FOUR years of “hard work” were celebrated by President Michael D Higgins when he officially opened the restored Nenagh Castle last Wednesday.
“It is 40 years since its first restoration and today we celebrate four years of hard work to restore it as a tourism attraction,” he told the gathering of OPW officials, TDs, local politicians, business people and members of the original committee who had put forward the idea of restoring the Norman site.
“I came here in 1996 and encouraged the purchase of the castle. I am full of admiration for the architects who worked on it and am amazed at the state of the work. I am delighted to be standing in the keep and within the castle grounds landscaped by the town council,” he said.
President Higgins said the castle’s restoration, which cost E1.6m, can be shared and enjoyed by people from all over the world.
Referring to the castle’s development in the 13th century by Baron Butler, he said it had laid the foundation for the development of Nenagh and now became part of a “close knit cultural hub, proudly taking its place alongside Nenagh Arts Centre, Nenagh Courthouse, Nenagh Gaol and some of the town’s beautiful churches”.
The President said all of these provided the critical mass that allowed Nenagh to become a significant tourist attraction.
“This restoration and rejuvenation of a prized historical building is something that connects you all with your past and with each other. It is something in which you can take collective pride and something which will provide an authentic link between contemporary Nenagh and its rich and varied past,” he said.
The President went on to refer how old buildings and historic spaces such as Nenagh Castle tell us a great deal about our antecedents, about where we came from and about how our society evolved.
“You may not have lived here, but it was your hands that built it,” he pointed out.

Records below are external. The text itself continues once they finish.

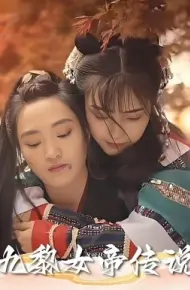 九黎女帝传说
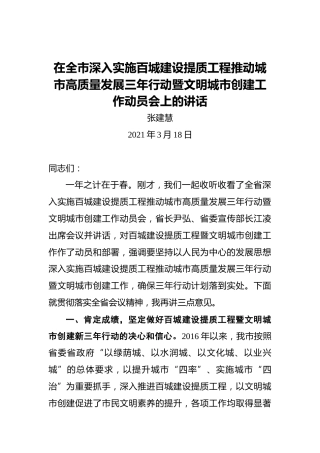 张建慧：在全市深入实施百城建设提质工程推动城市高质量发展三年行动暨文明城市创建工作动员会上的讲话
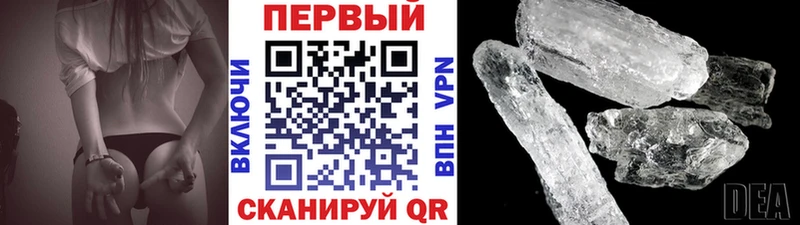 Первитин Декстрометамфетамин 99.9% Сосногорск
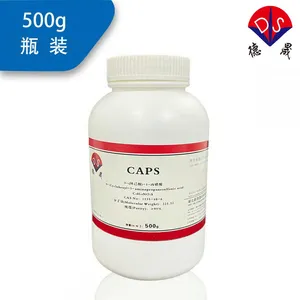 Introduction to the Transportation Packaging of CAPS Powder 1135-40-6, a Biological Buffering Agent thumbnail-3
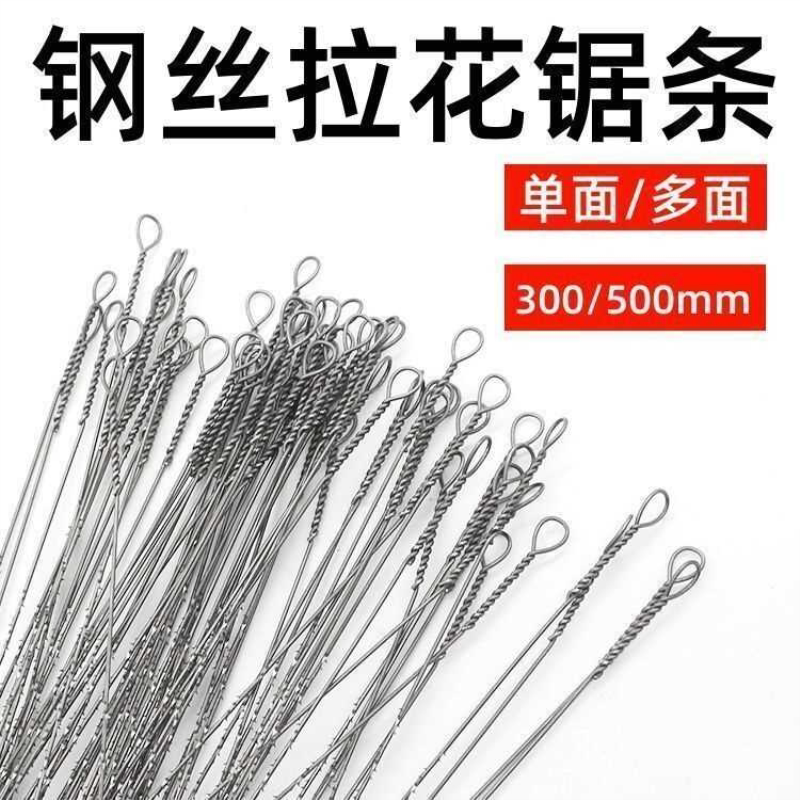 拉花锯条木工专用细齿手用线锯条diy小型曲线切割丝300mm钢线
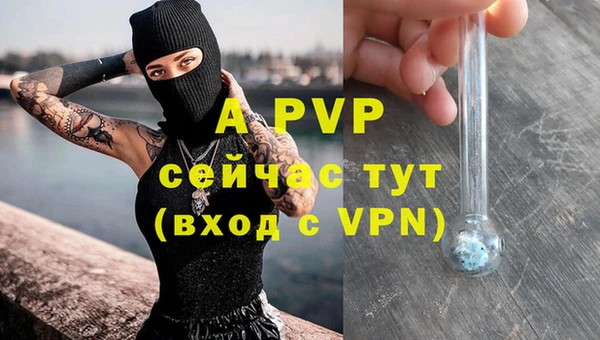гашиш Беломорск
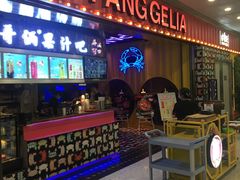 -胖哥俩肉蟹煲(河北勒泰购物中心店)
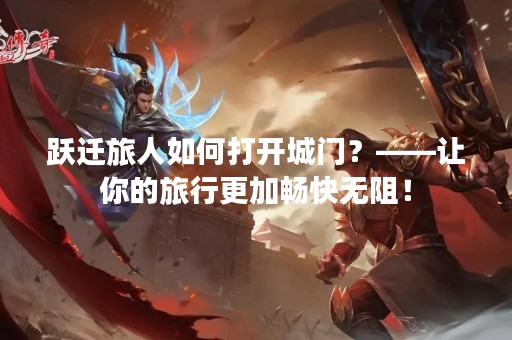 跃迁旅人如何打开城门？——让你的旅行更加畅快无阻！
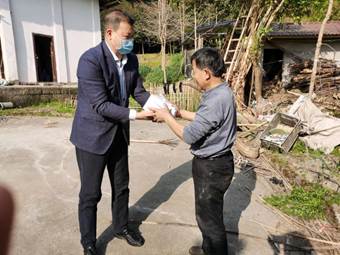 ��������������� �����ز�����ҩ����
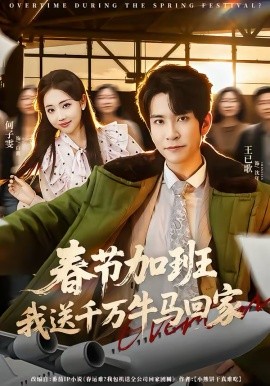 春节加班，我送千万牛马回家第01集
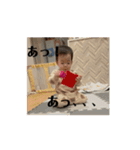 チビたち( •ө• )2（個別スタンプ：9）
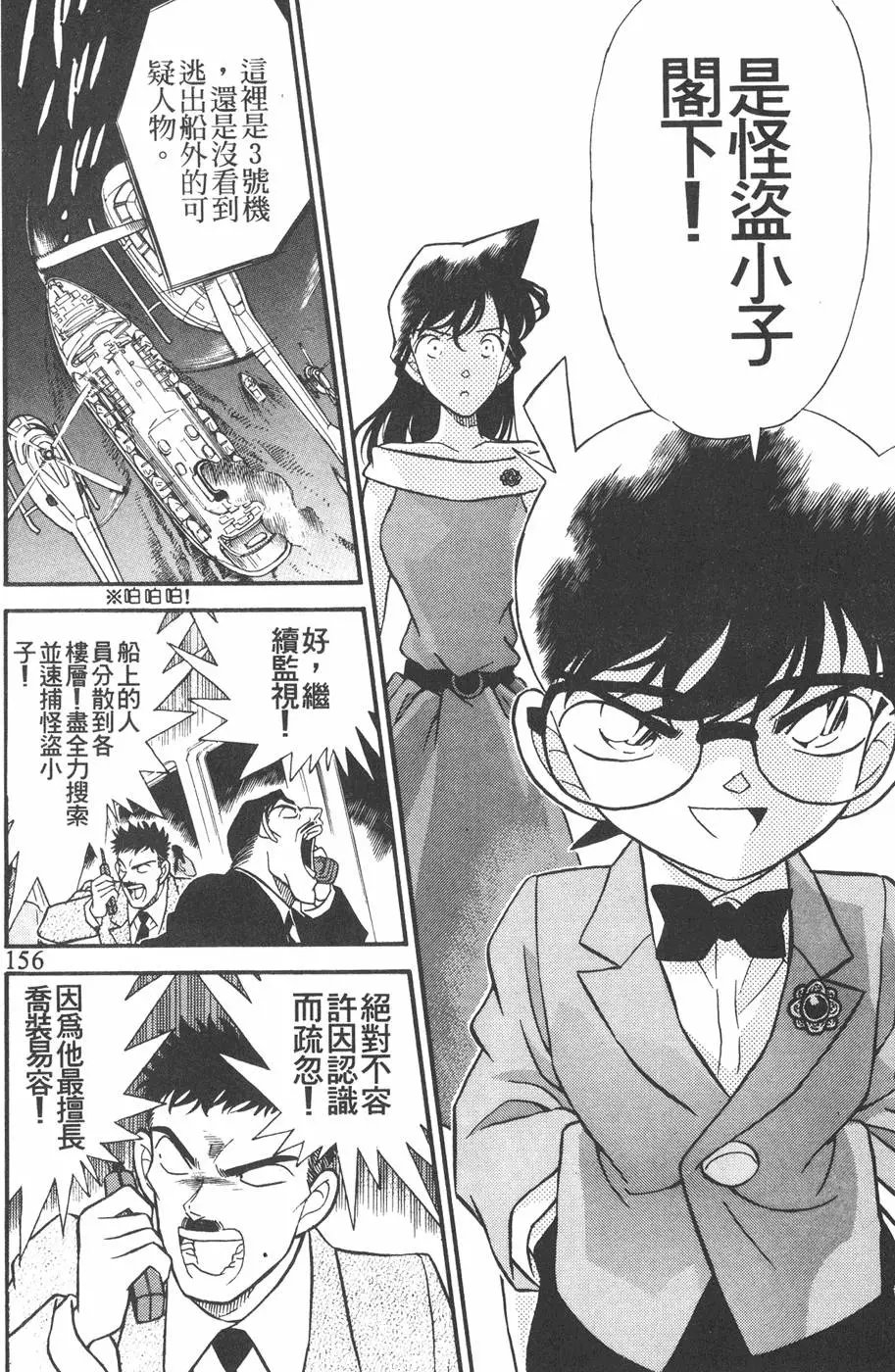 第016卷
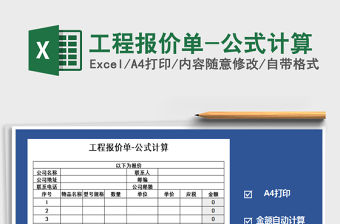 2021年工程報(bào)價(jià)單-公式計(jì)算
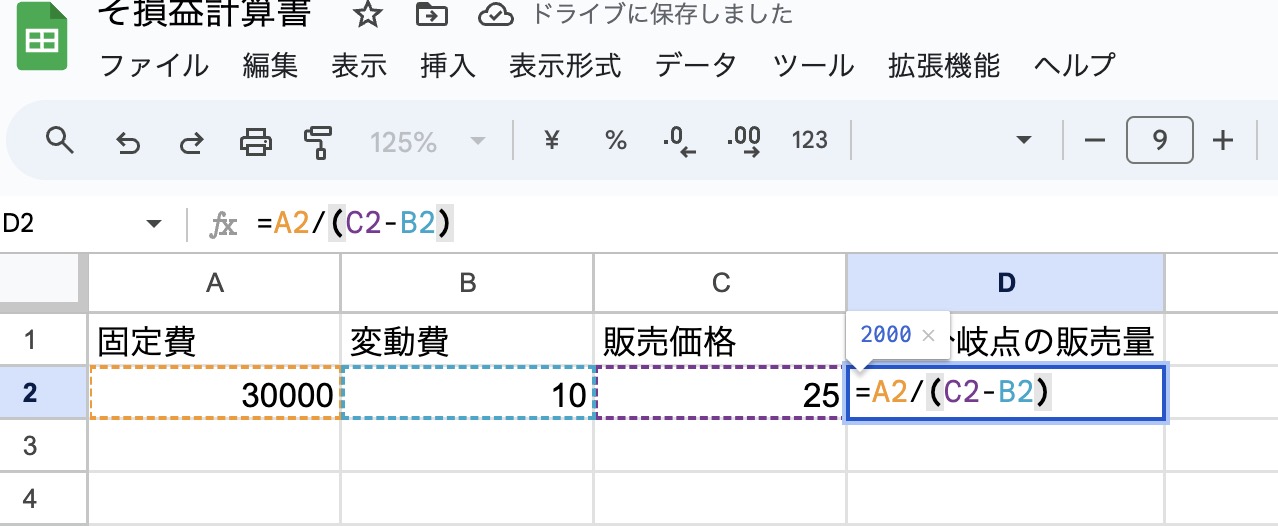 【スプレッドシート】損益分岐点（Break-even Point：BEP）を求める方法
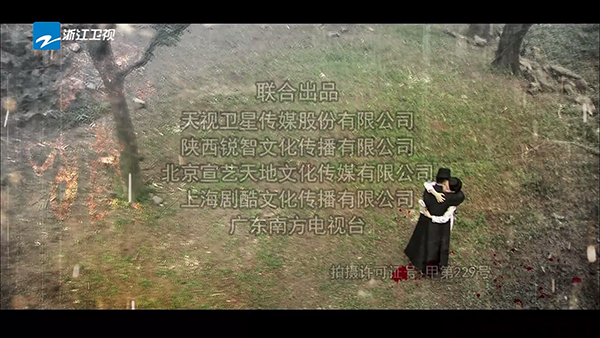 美家直播多线版截图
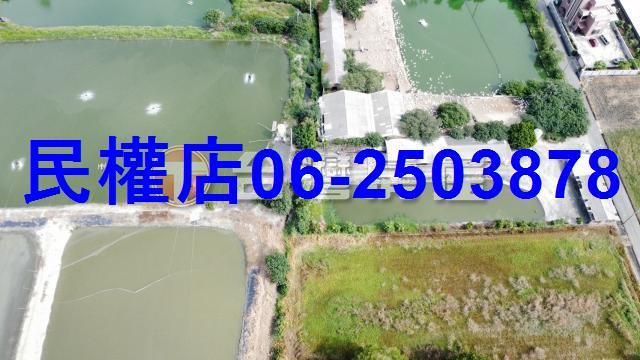 下營農地-4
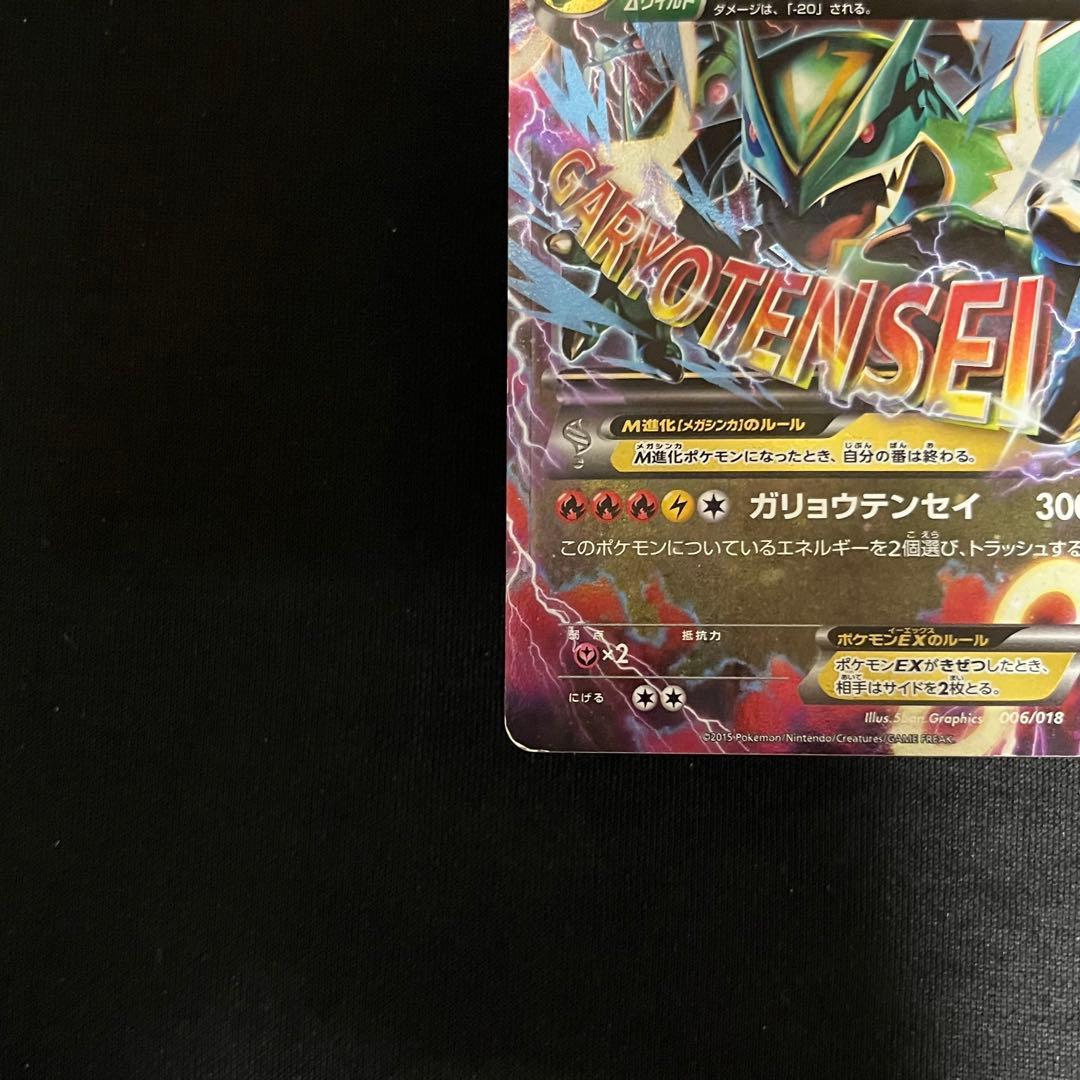 MレックウザEX ガリョウテンセイ 006/018 - メルカリ
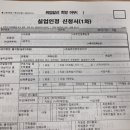 수영역 11번출구(부산고용노동청) | 실업급여 신청방법 3탄 - 부산 고용센터 1차 실업급여 인정교육 후기(경험자)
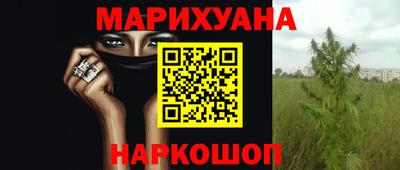 кокаин премиум Славянск-на-Кубани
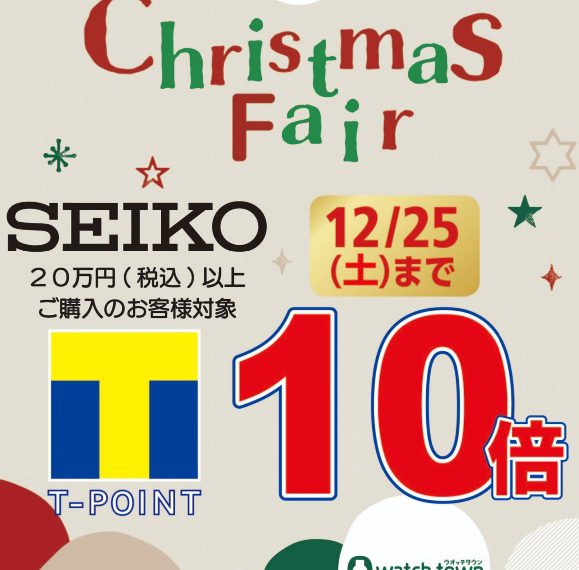 SEIKOクリスマスフェア開催中！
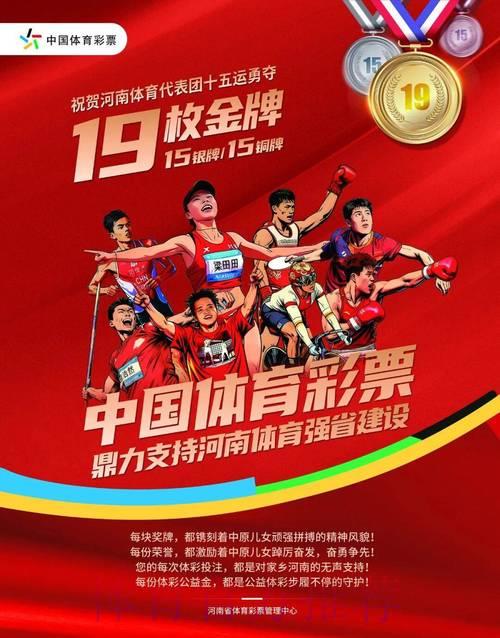 中国体育彩票助力2026世界杯掀起全民健身热潮 中国体育彩票助力2026世界杯掀起全民健身热潮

“I am deeply impressive to see the pride you share in the bringing to fruition of this project,” said President Higgins before declaring the castle open.
Earlier, Minister of State for the OPW Brian Hayes said that, from the 1990s the Department of Arts, Heritage and the Gaeltacht had been “hugely committed” to the project. “It is a fantastic site.”
He said the OPW had a responsibility to preserve and maximise the opportunities for the public to view such sites and that the restored castle will help the town and county to present themselves as a site for tourism.
Deputy Hayes said that in 1336 an important peace treaty had been signed in the castle between the O’Kennedys and the Ormonds. That treaty was presented to US President John F Kennedy when he visited Ireland in 1963 and is now in the JFK Library in Massachusetts.
The ceremony was compared by OPW chair Claire McGrath, whose own speech was not delivered because of a thunder storm and torrential rain that left the newly-planted grounds looking like a battlefield as rain washed the soil on to the gravel path.